For a given sensor technology there is no reason for smaller
photosites to saturate faster for a given exposure than larger ones
as saturation will occur at a particular electron density that will
be the same for each size of photosite. IE: Does a small rain gauge
fill faster than a large one?
Let's consider two different pixel sizes, A and B, such that A has
twice the dimensions of B, and thus four times the area.
Let's say that pixel B becomes saturated after 50,000 photons. Then,
given the same sensor efficiency, pixel A will become saturated at
200,000 photons. Now lets assume that four B pixels are arranged in
a square, so that they look as if an A pixel were divided into four.

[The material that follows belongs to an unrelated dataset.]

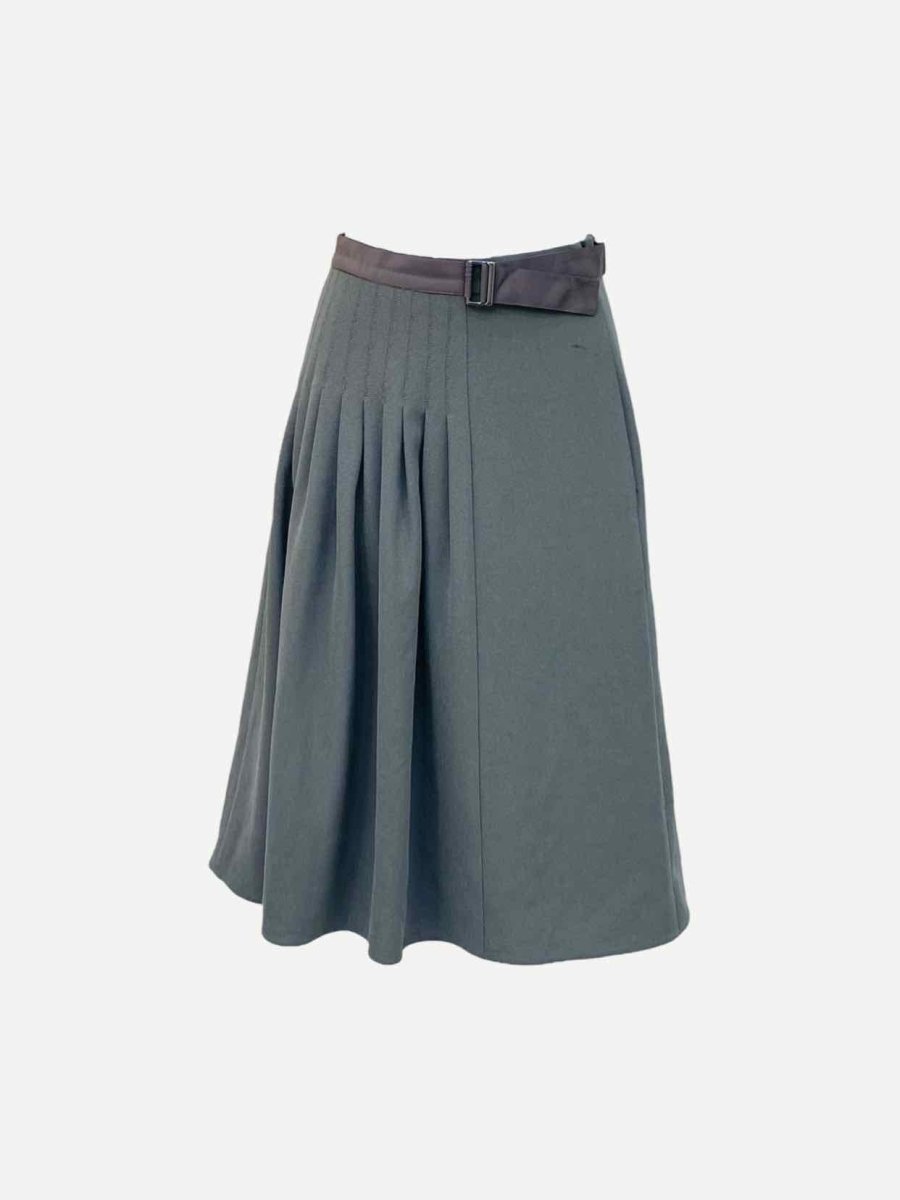 Pre - loved GIORGIO ARMANI A - Line Grey Pleated Knee Length Skirt at Reems Closet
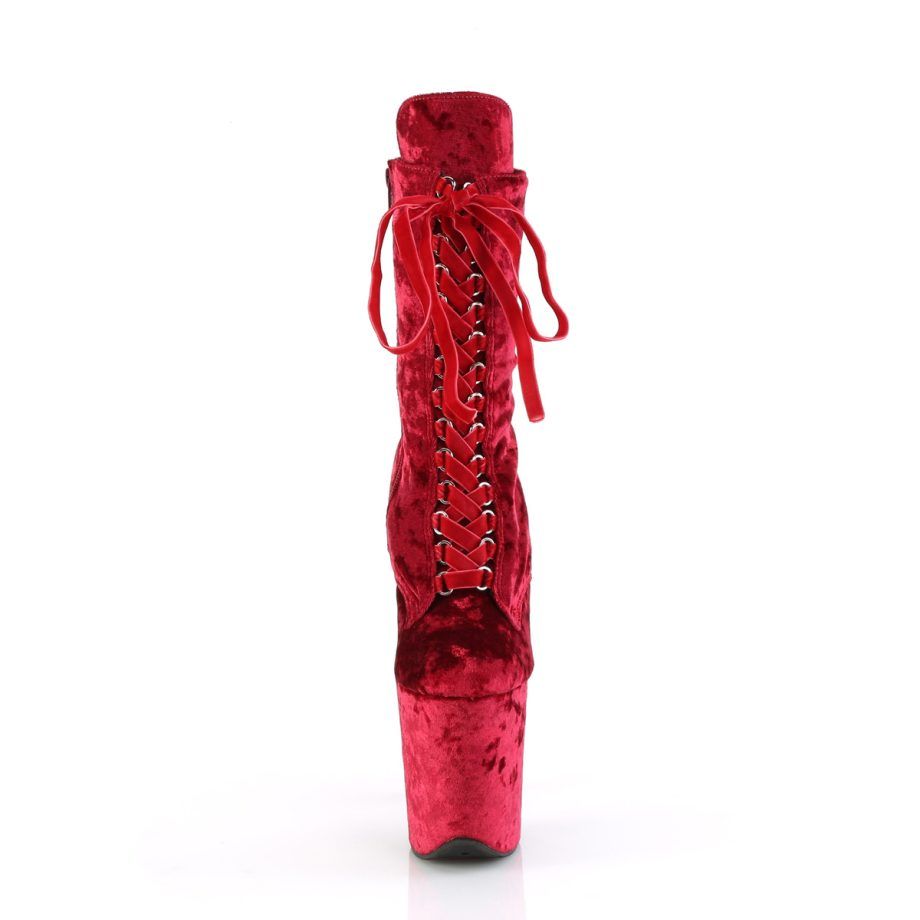 Pleaser FLAMINGO-1045VEL FLAM1045VEL/R/M Tronchetti  Tacco Altissimo 20 Plateau 10.0 Rosso FLAM1045VEL/R/M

Let 200,000 photons fall onto pixel A. It will record all those
photons. Now let 200,000 photons fall onto the "4-pack" of B pixels
(B1, B2, B3, and B4). Now, if the photons are uniformly distributed,
then 50,000 photons will fall into each of the B Pixels and all is
the same. However, let's say the distribution of photos is not
uniform and 80,000 photons fall onto B1, only 40,000 photons fall
onto B2, another 60,000 photons fall onto B3, and only 20,000 pixels
fall onto Pixel B4.
We see that the A Pixel records 200,000 pixels, but the 4-pack of B
pixels only record 160,000 photons, since two of the pixels are
oversaturated. Thus, the single A pixel records the DR more
accurately than the 4-pack of B pixels.